── PROVIDED MATERIAL

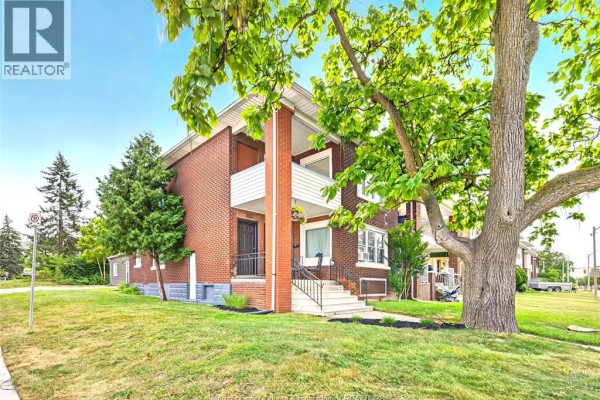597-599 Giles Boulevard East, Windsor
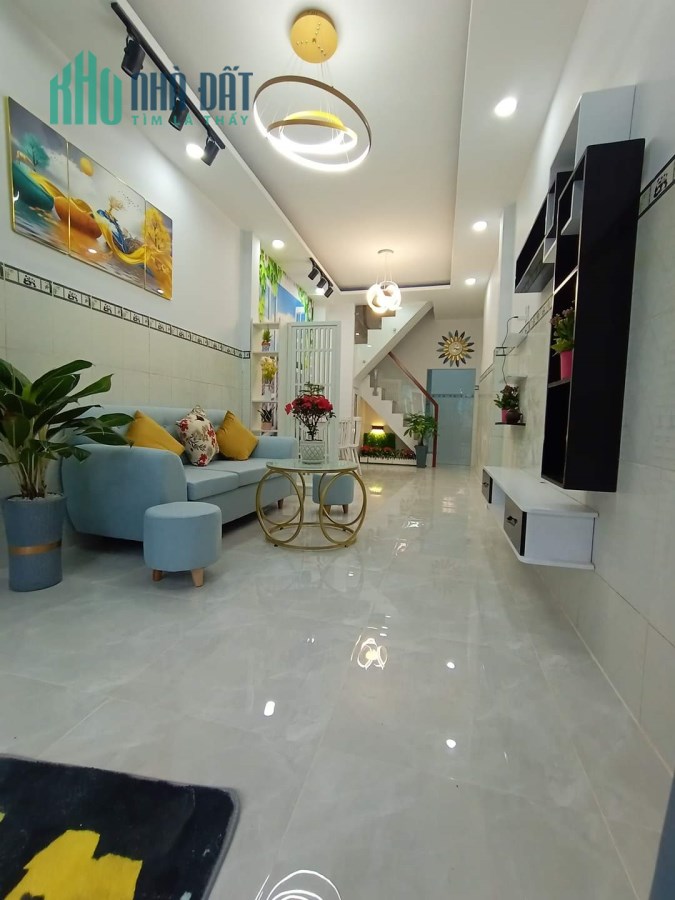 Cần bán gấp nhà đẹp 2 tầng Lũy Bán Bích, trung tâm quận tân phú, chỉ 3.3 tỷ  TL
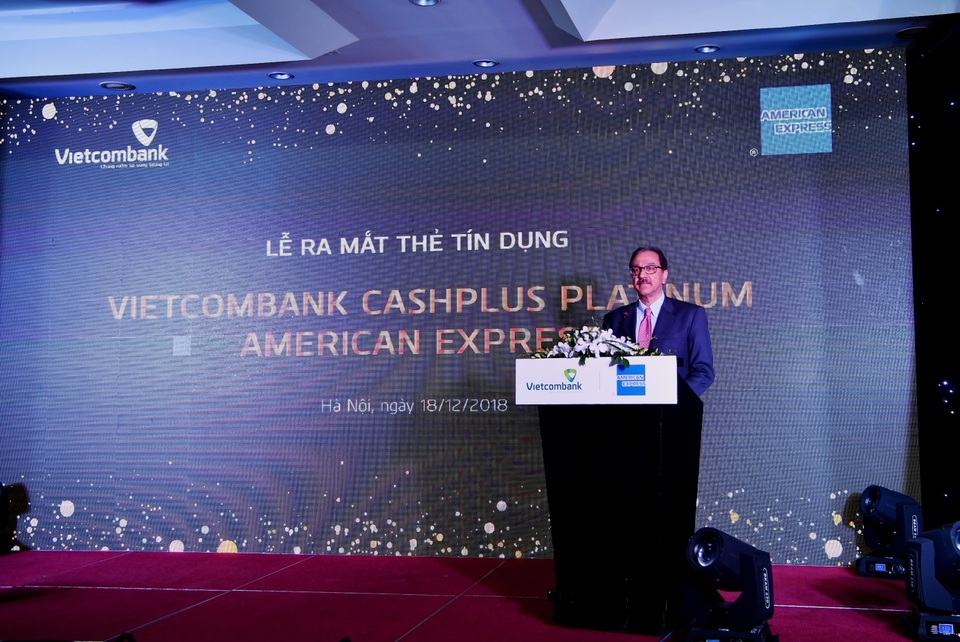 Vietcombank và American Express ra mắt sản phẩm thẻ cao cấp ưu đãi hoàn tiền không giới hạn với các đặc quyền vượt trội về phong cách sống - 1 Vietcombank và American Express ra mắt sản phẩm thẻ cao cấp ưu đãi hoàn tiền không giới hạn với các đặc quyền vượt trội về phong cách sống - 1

────

- PROBLEM DETAILS -
Beginning with the line that includes "Cần bán gấp" and ending with the last line of the material, reproduce those lines exactly and nothing else, with no pictures.

- PROBLEM SOLUTION -
 Cần bán gấp nhà đẹp 2 tầng Lũy Bán Bích, trung tâm quận tân phú, chỉ 3.3 tỷ  TL
 Vietcombank và American Express ra mắt sản phẩm thẻ cao cấp ưu đãi hoàn tiền không giới hạn với các đặc quyền vượt trội về phong cách sống - 1 Vietcombank và American Express ra mắt sản phẩm thẻ cao cấp ưu đãi hoàn tiền không giới hạn với các đặc quyền vượt trội về phong cách sống - 1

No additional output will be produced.